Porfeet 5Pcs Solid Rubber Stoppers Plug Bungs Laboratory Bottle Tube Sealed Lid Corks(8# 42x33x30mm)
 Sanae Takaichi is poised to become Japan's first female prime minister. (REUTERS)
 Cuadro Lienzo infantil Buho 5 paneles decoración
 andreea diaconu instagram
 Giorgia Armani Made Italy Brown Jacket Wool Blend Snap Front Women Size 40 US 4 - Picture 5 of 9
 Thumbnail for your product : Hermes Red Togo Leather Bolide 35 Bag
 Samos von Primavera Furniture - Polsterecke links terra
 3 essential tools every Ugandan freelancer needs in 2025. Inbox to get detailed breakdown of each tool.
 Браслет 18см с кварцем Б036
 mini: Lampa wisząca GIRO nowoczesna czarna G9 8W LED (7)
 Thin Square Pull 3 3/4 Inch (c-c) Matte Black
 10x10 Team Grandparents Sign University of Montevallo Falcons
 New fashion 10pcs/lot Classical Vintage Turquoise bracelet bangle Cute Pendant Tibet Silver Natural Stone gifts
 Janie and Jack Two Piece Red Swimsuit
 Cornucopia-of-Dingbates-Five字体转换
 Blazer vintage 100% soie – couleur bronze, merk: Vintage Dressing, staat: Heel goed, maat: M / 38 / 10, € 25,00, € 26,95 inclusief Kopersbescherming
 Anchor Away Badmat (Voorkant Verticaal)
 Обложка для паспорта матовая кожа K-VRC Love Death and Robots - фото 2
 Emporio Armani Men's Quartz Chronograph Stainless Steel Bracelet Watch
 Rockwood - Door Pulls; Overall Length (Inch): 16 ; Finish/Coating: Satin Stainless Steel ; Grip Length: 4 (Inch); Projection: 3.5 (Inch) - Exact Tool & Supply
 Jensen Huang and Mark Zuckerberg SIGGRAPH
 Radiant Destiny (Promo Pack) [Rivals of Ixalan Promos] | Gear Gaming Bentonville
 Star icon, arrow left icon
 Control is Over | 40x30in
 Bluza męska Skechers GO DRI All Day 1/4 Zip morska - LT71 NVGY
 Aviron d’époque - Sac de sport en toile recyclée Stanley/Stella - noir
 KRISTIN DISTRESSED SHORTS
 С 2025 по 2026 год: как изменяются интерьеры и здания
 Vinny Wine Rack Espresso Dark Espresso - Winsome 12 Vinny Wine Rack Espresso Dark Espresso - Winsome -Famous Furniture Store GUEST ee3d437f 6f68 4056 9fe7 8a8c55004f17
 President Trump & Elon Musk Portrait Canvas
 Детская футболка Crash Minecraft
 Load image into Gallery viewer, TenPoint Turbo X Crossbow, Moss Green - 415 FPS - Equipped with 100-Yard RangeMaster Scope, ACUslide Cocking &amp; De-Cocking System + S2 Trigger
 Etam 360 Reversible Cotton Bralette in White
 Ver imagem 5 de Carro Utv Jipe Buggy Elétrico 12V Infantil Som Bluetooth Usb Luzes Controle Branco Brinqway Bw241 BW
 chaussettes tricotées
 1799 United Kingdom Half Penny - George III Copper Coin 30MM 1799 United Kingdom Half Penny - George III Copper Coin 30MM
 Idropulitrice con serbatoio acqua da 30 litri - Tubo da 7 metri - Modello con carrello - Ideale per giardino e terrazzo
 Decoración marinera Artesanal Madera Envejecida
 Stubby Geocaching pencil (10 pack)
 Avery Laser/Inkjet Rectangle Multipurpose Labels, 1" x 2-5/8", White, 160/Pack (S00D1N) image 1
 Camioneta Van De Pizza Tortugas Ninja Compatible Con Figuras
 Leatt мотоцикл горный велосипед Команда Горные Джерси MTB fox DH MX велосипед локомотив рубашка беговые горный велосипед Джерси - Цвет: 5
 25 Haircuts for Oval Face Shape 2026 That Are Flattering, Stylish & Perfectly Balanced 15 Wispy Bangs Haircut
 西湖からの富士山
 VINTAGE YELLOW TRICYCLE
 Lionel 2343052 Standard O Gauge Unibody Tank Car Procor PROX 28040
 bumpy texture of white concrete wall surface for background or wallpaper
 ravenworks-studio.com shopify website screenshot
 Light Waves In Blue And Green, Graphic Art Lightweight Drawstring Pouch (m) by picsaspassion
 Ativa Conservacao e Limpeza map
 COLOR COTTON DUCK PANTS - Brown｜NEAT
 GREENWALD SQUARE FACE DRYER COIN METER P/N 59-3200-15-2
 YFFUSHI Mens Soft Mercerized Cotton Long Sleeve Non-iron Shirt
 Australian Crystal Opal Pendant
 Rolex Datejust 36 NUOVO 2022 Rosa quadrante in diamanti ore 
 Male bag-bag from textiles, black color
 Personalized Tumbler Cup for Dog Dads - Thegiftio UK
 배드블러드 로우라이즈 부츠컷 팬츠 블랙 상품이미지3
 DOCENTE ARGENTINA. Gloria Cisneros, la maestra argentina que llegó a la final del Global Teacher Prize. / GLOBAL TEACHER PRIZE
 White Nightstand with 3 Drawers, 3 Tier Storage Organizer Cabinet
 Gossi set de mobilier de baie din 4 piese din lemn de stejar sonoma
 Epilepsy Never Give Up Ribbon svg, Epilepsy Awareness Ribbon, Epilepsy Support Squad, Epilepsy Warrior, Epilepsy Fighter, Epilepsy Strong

=======

• _ABOUT THIS TASK_: For this exercise, copy every line of the data that holds "Steel".

• _THE ANSWER_:
 Emporio Armani Men's Quartz Chronograph Stainless Steel Bracelet Watch
 Rockwood - Door Pulls; Overall Length (Inch): 16 ; Finish/Coating: Satin Stainless Steel ; Grip Length: 4 (Inch); Projection: 3.5 (Inch) - Exact Tool & Supply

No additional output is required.